● **Dataset extract**
BEGIN

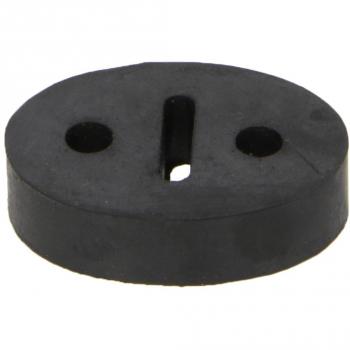 Cinta de goma para sistema de escape BOSAL 255-748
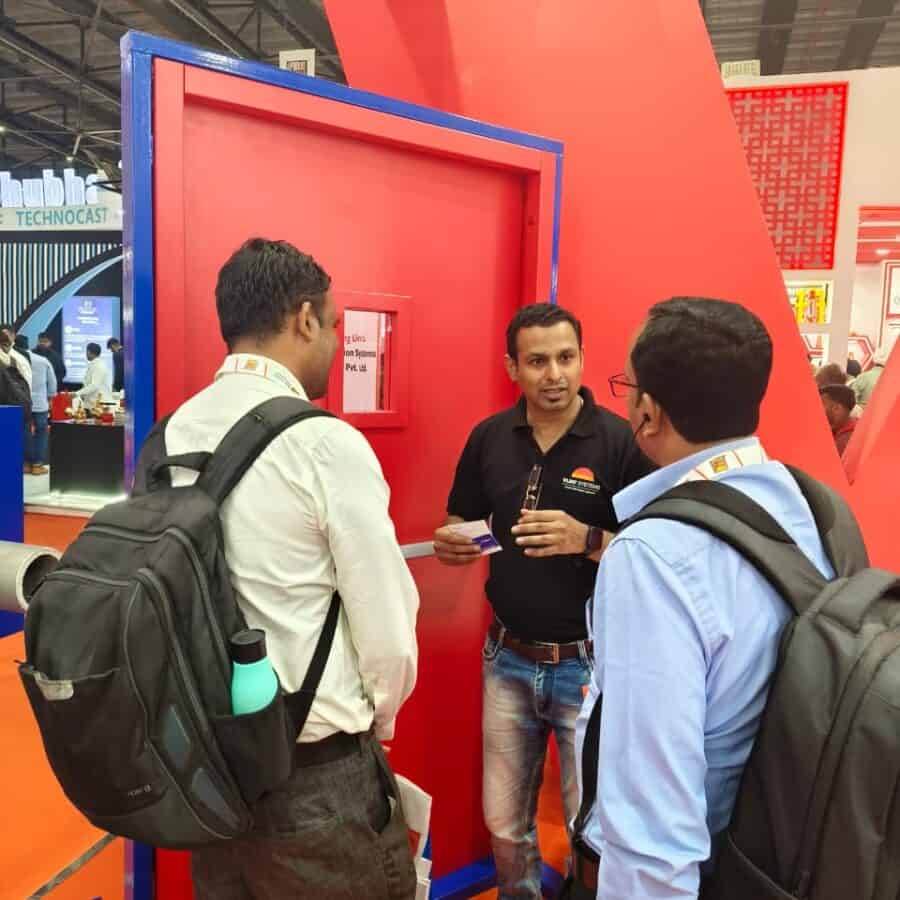 Fire India 2025 (20)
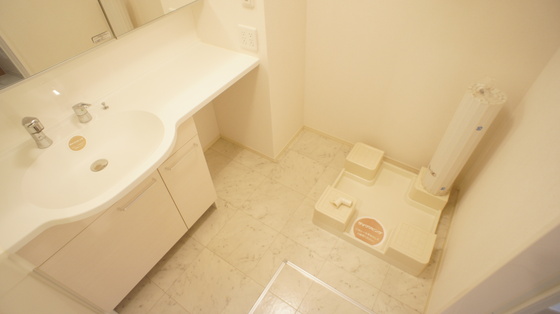 その他部屋・スペース　脱衣所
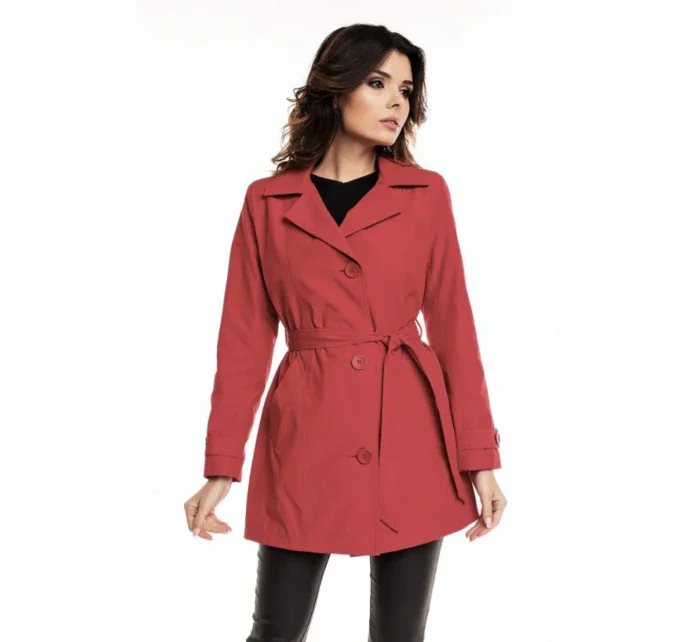 Plášť  model 63549 Cabba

END

● **Task instructions**
When you retype the listing above, keep each line exactly as written and drop the pictures.

● **Solved problem**
 Cinta de goma para sistema de escape BOSAL 255-748
 Fire India 2025 (20)
 その他部屋・スペース　脱衣所
 Plášť  model 63549 Cabba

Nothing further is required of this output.